# Watermill in formentera



## J_a_t_33 (Mar 13, 2016)

Spotted this cute little place while visiting the little island of Formentera next to Ibiza






















Looking through the erosion in the wall










This hasn't turned for a while







Sun beginning to set 




Shaft coming into the building from the wheel




Thanks for looking


----------



## King Al (Mar 13, 2016)

Nice one Jay, always good to see something different!

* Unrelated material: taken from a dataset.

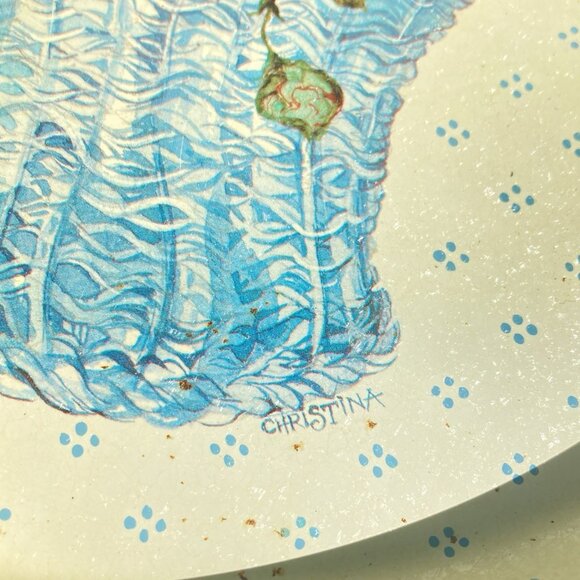 Vintage 80s Tray Floral Tulips & Basket Tin Serving Bar Potpourri Press Signed - Picture 7 of 10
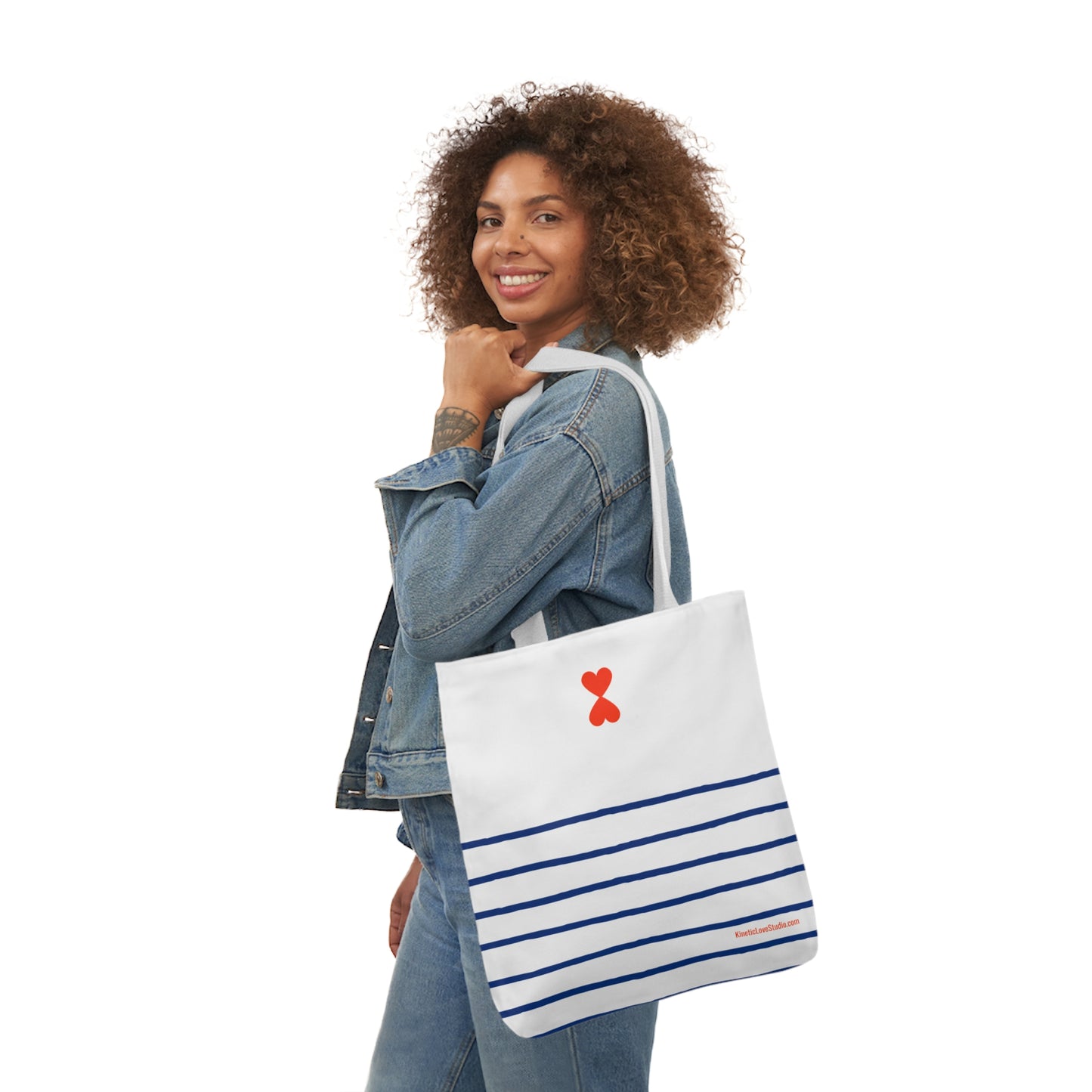 Canvas Tote Bag White Navy Stripes - French Chic Stylish Trendy Design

Like the lake through the hole in the wall shot


----------



## smiler (Mar 13, 2016)

Those are fantastic pics Jay, I enjoyed the urban art, Very Nicely Done, Thanks


----------



## Rubex (Mar 13, 2016)

Absolutely stunning! Beautifully captured


----------



## TheNarrator (Mar 13, 2016)

That's got some beautiful views! Absolutely fantastic


----------



## HughieD (Mar 14, 2016)

Yup, cute and little...and fantastically photographed!


----------



## flyboys90 (Mar 14, 2016)

Superb views and images.


----------



## J_a_t_33 (Mar 18, 2016)

Thank you guys


----------



## Brewtal (Mar 18, 2016)

Love that shot through the hole in the wall! Really nice pics mate but that one really stood out for me. I love places like this and you captured it very well so thanks for sharing.


----------



## 0xygen (Mar 22, 2016)

Really like the art work! Great set of photos.

Thank you

0xygen


----------



## J_a_t_33 (Apr 1, 2016)

You guys rock, thanks for the kind words


----------